Despite a limited formal education, which Duncan restricted for the Tsimshian people under some notion of controlling them, B. A. Haldane found ways to learn new skills and became a successful merchant and grocer in Metlakatla. In the 1890s he became interested in cameras, and in 1899 opened his own photography studio which he operated until around 1910. His camera recorded the Tsimshian people and their life in Metlakatla during a time when their age-old Indian ways were evolving into modern 20th century customs. His photos might have been lost forever had they not been rescued from the trash dump in the 1990s. They are now considered a treasure of his Tsimshian people, and indeed of all the people of North America..    


Benjamin Haldane was also a talented musician who not only played in the Metlakatla band but became its leader too. In addition to the band, he performed as organist and choir master at the Metlakatla church.

Rev. William Duncan was a man with a vision who succeeded, arguably for better or worst, in changing a community in a very dramatic way. Today there are still troubling conflicts as Native people like the Tsimshian struggle between preserving their ancestral traditions and living with the complications of the 21st century. What I find interesting is how a simple postcard can contain not only the history of a place, a time, and a people too; but also tell the stories about two individuals who used music to change lives.


Calling Metlakatla a Nice little place, now seems a gross understatement.
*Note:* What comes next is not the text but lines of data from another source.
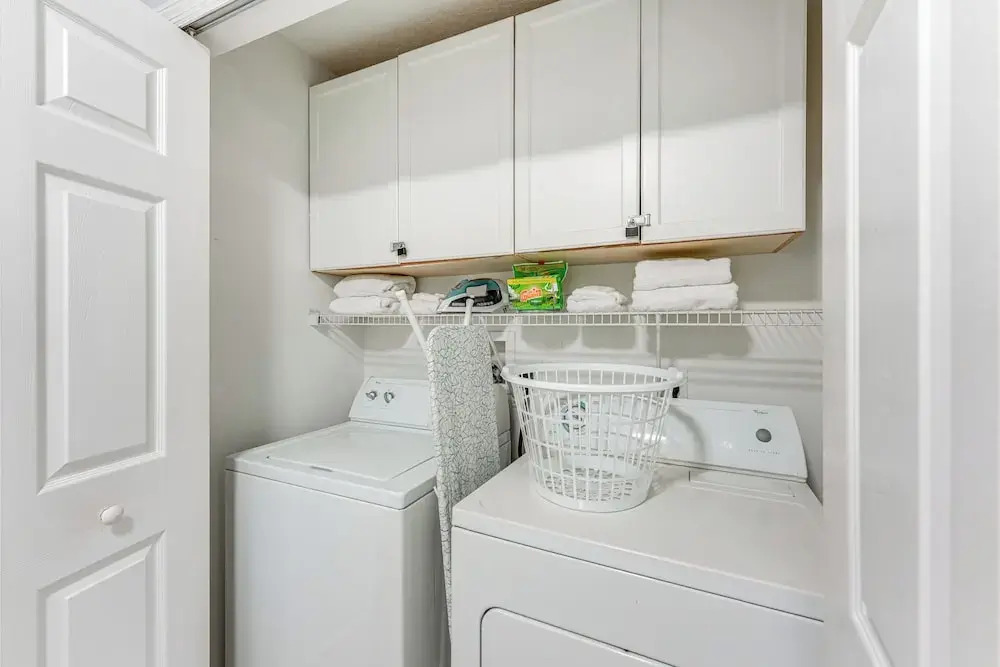 2 Mi to Wdw: Townhouse w/ Patio & Pool Access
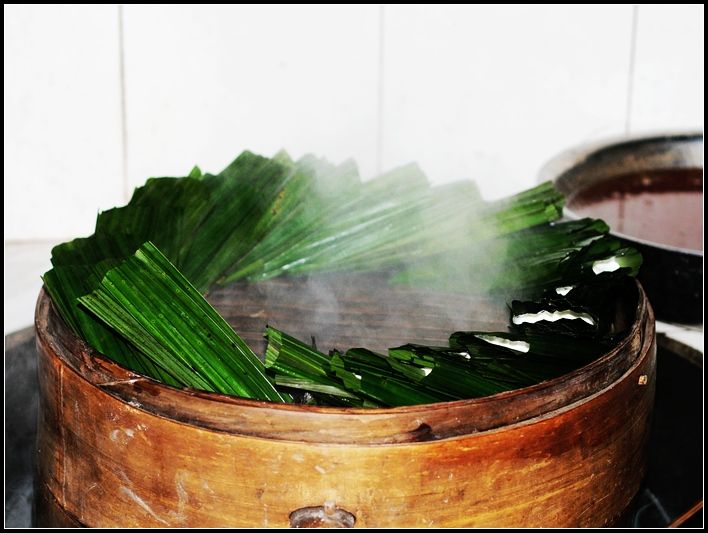 [Image: BANH-IT-GOI-LA-DUA-PALM-1-BANH-TE-2-BOT-...CHIN-2.jpg]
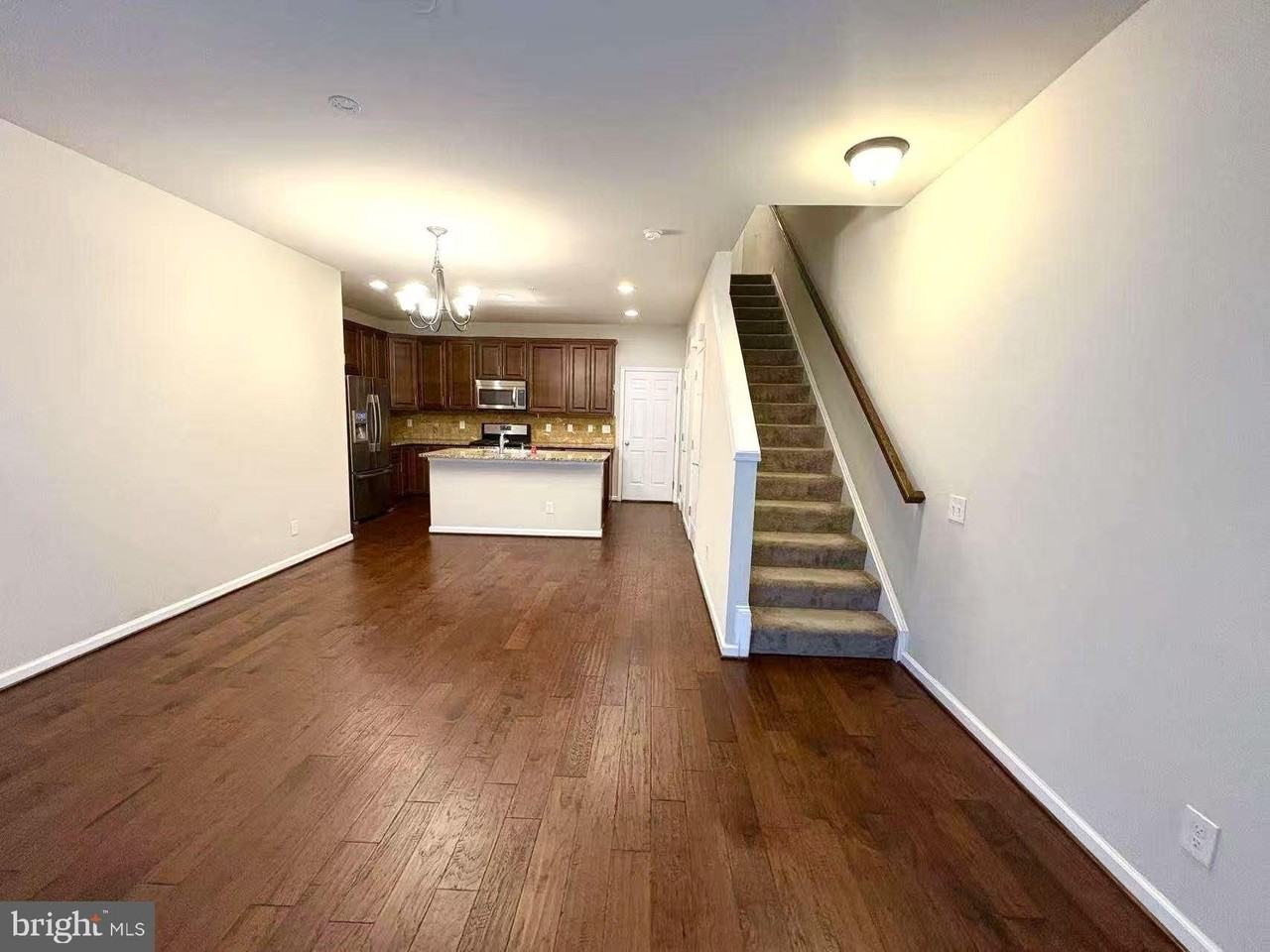 42797 Burrell Sq - Photo 4 of 18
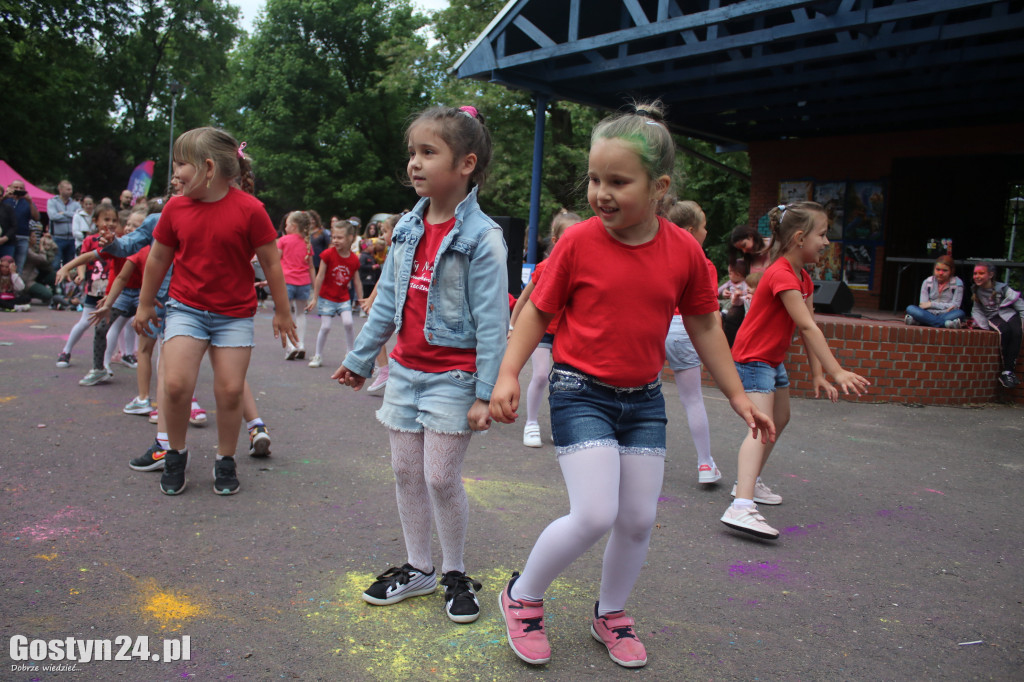 Gala Piosenki Przedszkolnej i Święto Kolorów w Gostyniu
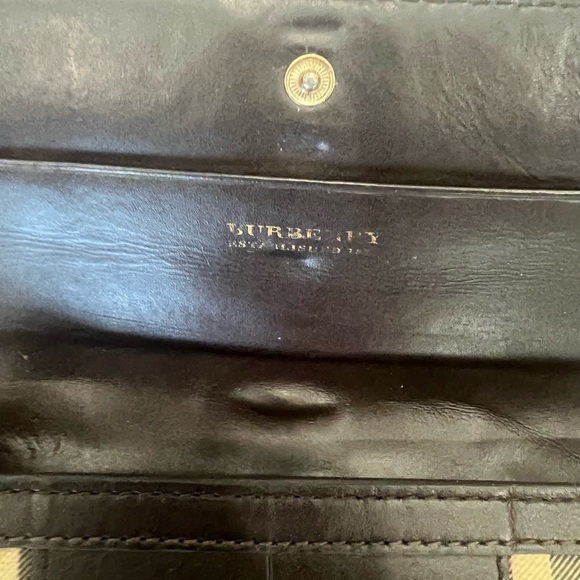 Burberry Haymarket Check Zip Around Wallet - Picture 4 of 11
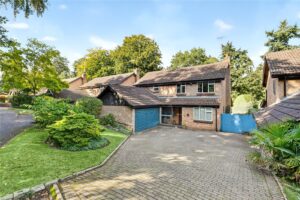 4 bedroom house for sale Luxury Real Estate Brokers london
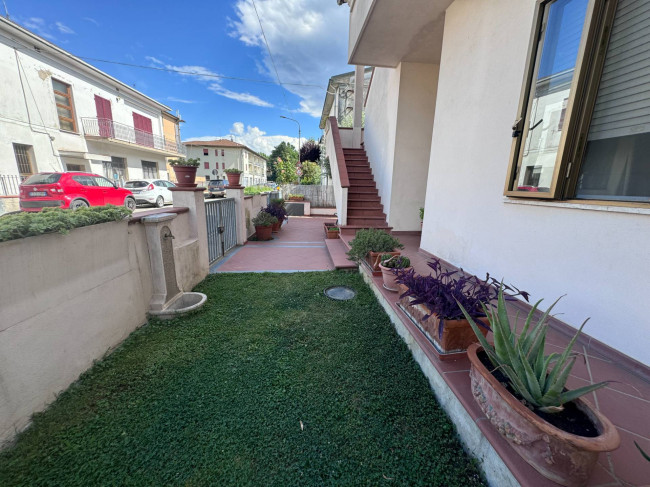 Casa indipendente in vendita a Santa Maria A Monte (PI)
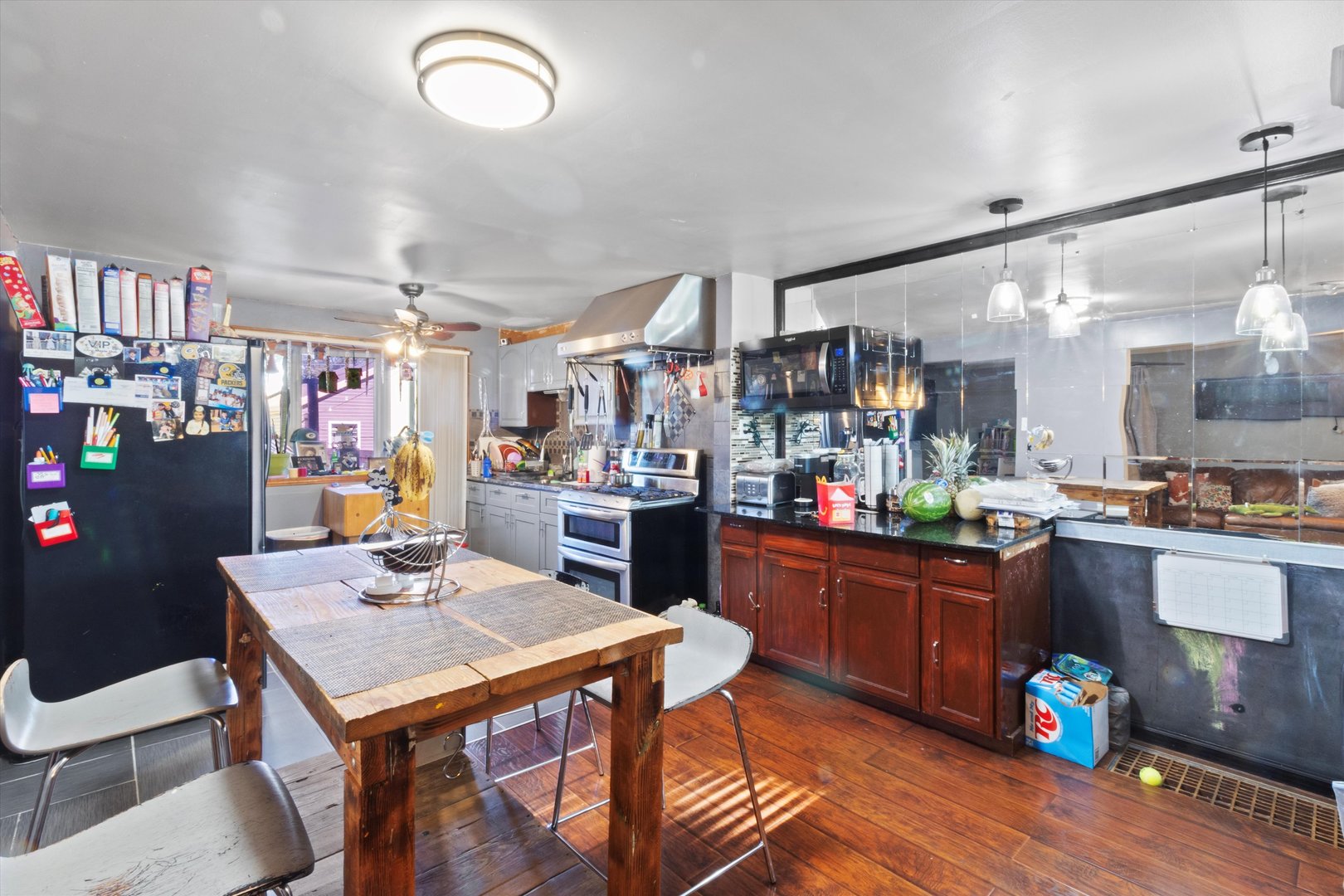 3733 S 57th Avenue, Cicero, IL 60804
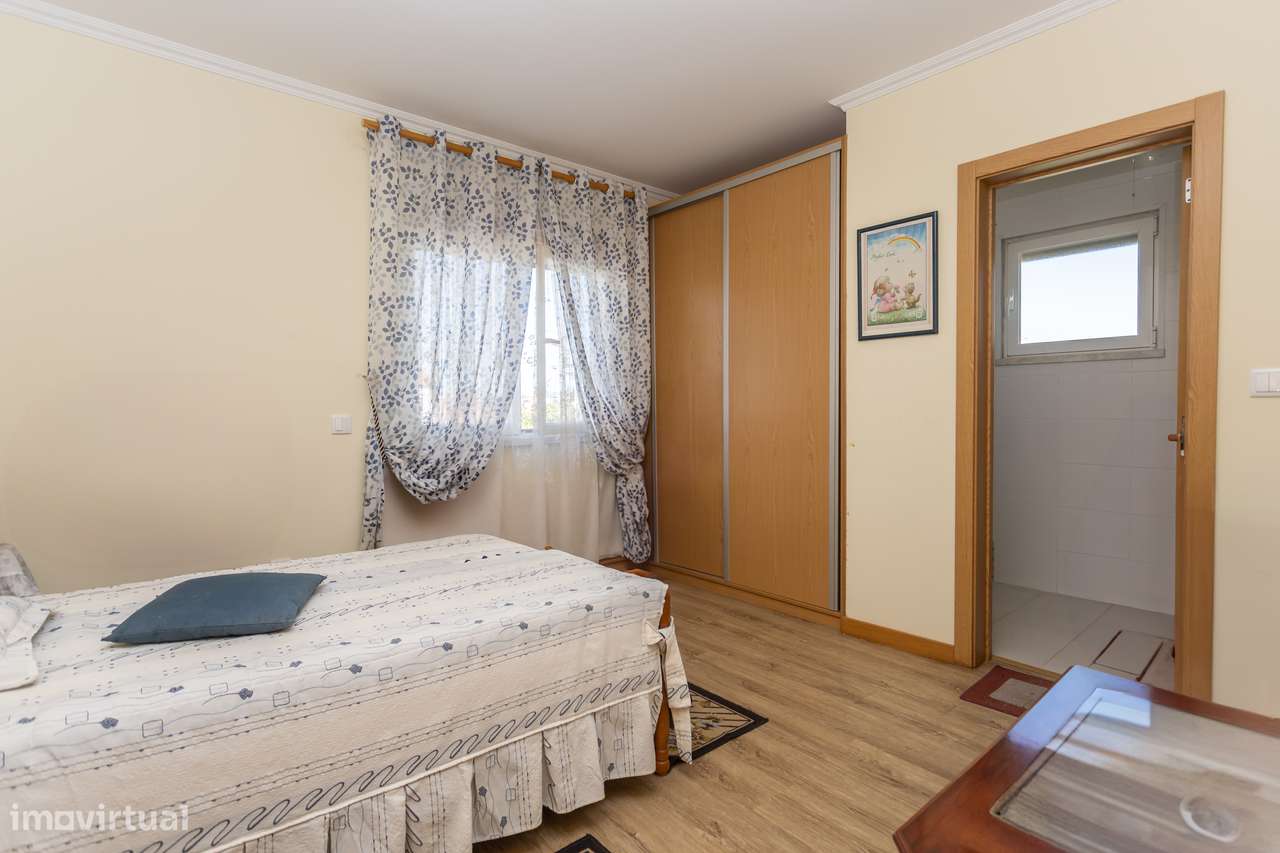 Andar de moradia T3 com terraço e cave muito espaçosa-20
This is my contribution to Sepia Saturday
where everyone loves puppies.






9 comments:

Wendy said...

Reverend Duncan's story really shines in this piece. His story is the stuff Hollywood loves -- why hasn't there been a movie?

Bob Scotney said...

Yorkshire is famous for its brass bands. How appropriate that the Rev Duncan did so much.

Little Nell said...

A story of something growing from small beginnings.Well done Rev Duncan

Helen Killeen Bauch McHargue said...

Nice sleuth work connecting the photo from the band to the photographer. Another great story.

La Nightingail said...

In the photo of the band playing outside in a circle, some of the women in the second circle appear to be holding instruments? One in particular has a drum. I wonder if Rev. Duncan eventually created a women's musical group? That would have been nice. Singing in a circle is also a great idea as you can hear all the harmony.

Anonymous said...

He certainly helped create a prosperous community. Quite a feat for such an outpost. A fascinating story.

Barbara Rogers said...

You have certainly done great background gathering here, and I have to wonder where it all started? With the post card, or the book about the Rev. Duncan? Or the photographer? No matter, it is a well woven story.

21 Wits said...

Surely someday Wendy's thoughts may become reality. He'd be worthy of it. I'm always fascinated with photos and stories from Alaska too.

Unknown said...

B.A. Haldane was my Great Grandfather,I live here in Metlakatla,Alaska.